| About this task |
Check the entries below for lines with "TGRT"; report only how many there are.

Start of Block

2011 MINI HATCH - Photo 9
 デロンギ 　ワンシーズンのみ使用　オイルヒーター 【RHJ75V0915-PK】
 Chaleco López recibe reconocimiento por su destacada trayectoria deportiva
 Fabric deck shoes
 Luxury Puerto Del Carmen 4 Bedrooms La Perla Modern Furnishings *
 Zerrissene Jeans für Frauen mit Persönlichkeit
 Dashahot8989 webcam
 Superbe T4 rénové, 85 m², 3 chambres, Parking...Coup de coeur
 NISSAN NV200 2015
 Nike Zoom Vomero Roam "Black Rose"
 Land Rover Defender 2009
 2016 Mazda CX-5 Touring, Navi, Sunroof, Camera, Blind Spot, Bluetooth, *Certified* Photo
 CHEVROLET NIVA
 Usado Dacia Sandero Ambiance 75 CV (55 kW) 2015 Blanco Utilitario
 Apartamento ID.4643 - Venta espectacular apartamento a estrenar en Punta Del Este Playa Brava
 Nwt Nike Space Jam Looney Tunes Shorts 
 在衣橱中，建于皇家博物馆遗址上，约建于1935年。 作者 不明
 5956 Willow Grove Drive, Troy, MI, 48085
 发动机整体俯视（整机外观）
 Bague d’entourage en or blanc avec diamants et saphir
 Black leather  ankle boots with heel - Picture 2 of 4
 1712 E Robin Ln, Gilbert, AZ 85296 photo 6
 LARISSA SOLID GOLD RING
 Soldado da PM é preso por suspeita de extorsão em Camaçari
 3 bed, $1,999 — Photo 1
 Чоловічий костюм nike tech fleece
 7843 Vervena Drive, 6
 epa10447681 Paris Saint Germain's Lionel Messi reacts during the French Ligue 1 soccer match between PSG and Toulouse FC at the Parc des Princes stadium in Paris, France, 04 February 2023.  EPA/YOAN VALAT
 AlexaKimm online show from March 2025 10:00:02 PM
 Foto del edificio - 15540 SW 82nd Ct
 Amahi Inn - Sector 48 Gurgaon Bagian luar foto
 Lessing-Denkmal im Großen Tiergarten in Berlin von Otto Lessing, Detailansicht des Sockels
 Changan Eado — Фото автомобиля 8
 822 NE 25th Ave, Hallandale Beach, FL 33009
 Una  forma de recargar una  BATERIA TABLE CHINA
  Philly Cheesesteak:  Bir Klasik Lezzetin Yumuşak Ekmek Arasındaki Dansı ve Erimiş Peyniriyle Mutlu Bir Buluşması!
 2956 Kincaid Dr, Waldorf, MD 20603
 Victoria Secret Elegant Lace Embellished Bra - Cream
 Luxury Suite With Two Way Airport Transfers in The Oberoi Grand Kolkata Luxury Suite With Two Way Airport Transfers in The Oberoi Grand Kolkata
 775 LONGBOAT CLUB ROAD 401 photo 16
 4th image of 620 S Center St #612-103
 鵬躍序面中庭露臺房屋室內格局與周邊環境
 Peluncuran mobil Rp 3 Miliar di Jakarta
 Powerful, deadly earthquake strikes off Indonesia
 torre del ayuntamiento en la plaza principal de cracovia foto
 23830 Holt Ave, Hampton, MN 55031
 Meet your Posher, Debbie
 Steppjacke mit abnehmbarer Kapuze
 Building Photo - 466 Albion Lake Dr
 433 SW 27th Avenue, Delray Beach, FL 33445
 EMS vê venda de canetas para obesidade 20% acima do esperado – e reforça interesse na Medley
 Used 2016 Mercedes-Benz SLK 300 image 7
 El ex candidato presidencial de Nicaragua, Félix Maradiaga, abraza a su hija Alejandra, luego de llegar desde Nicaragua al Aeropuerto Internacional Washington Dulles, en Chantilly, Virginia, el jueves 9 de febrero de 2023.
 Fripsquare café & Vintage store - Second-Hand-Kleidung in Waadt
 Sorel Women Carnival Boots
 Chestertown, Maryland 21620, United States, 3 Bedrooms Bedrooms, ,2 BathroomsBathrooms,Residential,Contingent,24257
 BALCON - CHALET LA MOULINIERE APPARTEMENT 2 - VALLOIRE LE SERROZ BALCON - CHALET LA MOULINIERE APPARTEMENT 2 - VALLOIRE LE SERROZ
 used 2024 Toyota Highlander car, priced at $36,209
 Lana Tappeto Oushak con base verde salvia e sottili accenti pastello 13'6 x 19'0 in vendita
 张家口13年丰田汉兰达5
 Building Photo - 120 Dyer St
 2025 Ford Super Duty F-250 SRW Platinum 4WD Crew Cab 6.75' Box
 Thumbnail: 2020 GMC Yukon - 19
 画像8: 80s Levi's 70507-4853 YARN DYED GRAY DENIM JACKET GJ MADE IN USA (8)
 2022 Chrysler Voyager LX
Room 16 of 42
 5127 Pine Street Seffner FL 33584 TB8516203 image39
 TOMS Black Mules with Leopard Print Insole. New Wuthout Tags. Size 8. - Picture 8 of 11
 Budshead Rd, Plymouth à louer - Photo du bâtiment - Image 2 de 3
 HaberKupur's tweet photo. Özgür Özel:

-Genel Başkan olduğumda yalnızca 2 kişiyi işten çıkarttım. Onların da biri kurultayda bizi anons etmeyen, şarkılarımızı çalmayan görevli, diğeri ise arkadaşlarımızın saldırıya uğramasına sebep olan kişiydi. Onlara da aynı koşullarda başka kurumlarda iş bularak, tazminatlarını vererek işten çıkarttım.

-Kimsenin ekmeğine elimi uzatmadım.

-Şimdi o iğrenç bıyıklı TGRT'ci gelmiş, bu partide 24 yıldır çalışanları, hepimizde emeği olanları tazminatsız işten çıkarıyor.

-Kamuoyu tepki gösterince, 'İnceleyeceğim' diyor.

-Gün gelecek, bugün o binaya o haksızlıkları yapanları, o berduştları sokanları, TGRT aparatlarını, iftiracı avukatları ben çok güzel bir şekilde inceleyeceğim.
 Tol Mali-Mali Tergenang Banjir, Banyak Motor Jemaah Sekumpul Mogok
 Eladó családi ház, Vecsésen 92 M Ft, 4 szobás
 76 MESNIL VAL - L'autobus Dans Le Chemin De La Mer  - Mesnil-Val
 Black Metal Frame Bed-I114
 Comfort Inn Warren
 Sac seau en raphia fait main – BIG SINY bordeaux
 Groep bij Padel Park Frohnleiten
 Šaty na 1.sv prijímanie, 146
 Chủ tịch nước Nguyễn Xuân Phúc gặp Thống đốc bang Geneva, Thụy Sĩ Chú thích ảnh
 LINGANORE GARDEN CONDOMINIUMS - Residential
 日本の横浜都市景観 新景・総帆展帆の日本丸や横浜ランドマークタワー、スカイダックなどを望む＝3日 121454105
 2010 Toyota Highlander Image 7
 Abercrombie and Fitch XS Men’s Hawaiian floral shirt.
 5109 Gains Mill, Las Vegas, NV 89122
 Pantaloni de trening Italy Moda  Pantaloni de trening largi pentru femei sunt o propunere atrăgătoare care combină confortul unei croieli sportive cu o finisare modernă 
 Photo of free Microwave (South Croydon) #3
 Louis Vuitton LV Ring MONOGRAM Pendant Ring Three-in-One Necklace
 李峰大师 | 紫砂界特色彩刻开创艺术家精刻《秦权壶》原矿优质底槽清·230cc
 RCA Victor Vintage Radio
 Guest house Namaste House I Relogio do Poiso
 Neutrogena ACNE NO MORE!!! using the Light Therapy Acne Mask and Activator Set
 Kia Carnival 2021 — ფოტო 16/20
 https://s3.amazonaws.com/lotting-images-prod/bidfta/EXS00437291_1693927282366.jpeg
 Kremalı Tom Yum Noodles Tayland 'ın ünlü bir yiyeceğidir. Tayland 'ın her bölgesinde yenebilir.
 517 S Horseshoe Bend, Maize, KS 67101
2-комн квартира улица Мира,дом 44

End of Block

| Exercise response |
2